Sara Marie Angella, a graduate student at Jewish Theological Seminary says, “In my experience, as a woman living in New York, there are two different types of catcalls. There’s the marginally innocent version of ‘Hey, mami!’ which is the awkward way of letting you know they see you. It’s usually more culturally based, but you recognize it from construction yards to street corners to the old men telling you, ‘God bless you,’ as you walk by. You’re all too aware there’s much more than a blessing being uttered.

“Those are bad enough, but then there’s the much more invasive version [with] sucking air through tight lips followed by some sort of barely recognizable animalistic grunt when they’re close enough for you to hear them, finished off with some sort of unimaginative adjective such as ‘Sexy!’ or ‘You lookin’ good in them jeans.’ You just know they’re imagining you in the most unholy of positions, naked and flayed before them like a Viking conquest.

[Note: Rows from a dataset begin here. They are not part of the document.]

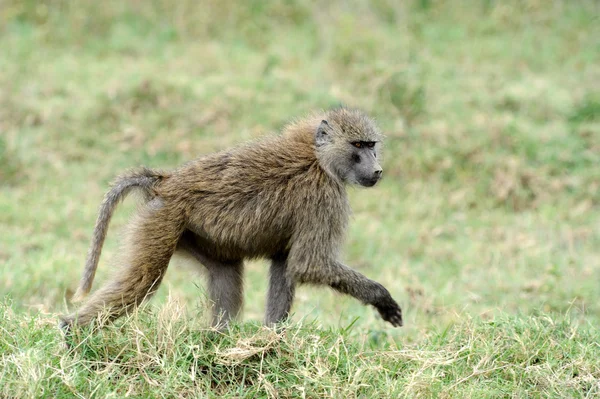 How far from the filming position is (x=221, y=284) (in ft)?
13.9

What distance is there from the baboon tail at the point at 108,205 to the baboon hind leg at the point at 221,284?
329 millimetres

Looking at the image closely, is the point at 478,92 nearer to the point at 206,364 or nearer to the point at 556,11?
the point at 556,11

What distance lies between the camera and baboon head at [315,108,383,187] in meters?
4.24

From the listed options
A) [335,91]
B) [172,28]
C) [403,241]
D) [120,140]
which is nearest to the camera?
[403,241]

“On the surface one seems less offensive than another, but when you get down to it, it’s an issue of gender power dynamics. It’s telling you, ‘you’re a woman, so I get to tell you what I think of you.’ On the more extreme end, it’s ‘Remember you’re a woman and I can overpower you, if and when I want to. You’re in my house, bitch.’ The thing that gets me the most is that it works. It works every time. I don’t feel complimented, I feel harassed. I don’t feel recognized, I feel objectified. Half the time I want to turn around and yell, ‘I get it! I’m a woman, you have the power, but you don’t need to yell it at me, you just have to look at our paychecks!’”

***

What stands out to me is how consistent all of these stories are. Los Angeles, Baton Rouge and New York are represented here and they’re not far off, which tells me men behave this way consistently across the miles, cultures, ethnicities, and age. The fact that each of these women had stories so readily available and insist these exchanges take place all the time, even every day, multiple times a day makes me feel disappointed with humanity. I can only imagine how hard it must be to step out your door into the spectre of misogyny.

Another thing that stands out to me is that while Kristy and Sara share stories about what they’ve experienced on the street, or a transitional location between home and their destination, Charli’s experiences were at work. A study by Michael M. Kasumovic and Jeffrey H. Kuznekoff in the interdisciplinary journal Plos One concluded that “Gender inequality and sexist behaviour is prevalent in almost all workplaces and rampant in online environments.” In other words, there is no safe place if they can experience aggressive male behavior in their own home as soon as they get online. The study revealed that one in four women, between the ages of 18 and 24, experienced a sexually harassing tweet or online comment.

Kasumovic and Kuznekoff’s hypothesis in the study was that “female-initiated disruption of a male hierarchy incites hostile behavior from poor performing males who stand to lose the most status.” Their research bears the hypothesis out, that men with lower self-esteem are more likely to attack women online than men who felt good about themselves. To conduct the study, they had 163 groups of men and women play a video game against each other. The only thing they knew about the other players was their gender. When the men performed poorly, their attitudes toward other men playing stayed the same. When they played against women, they began to say “nasty things to or about the female players.”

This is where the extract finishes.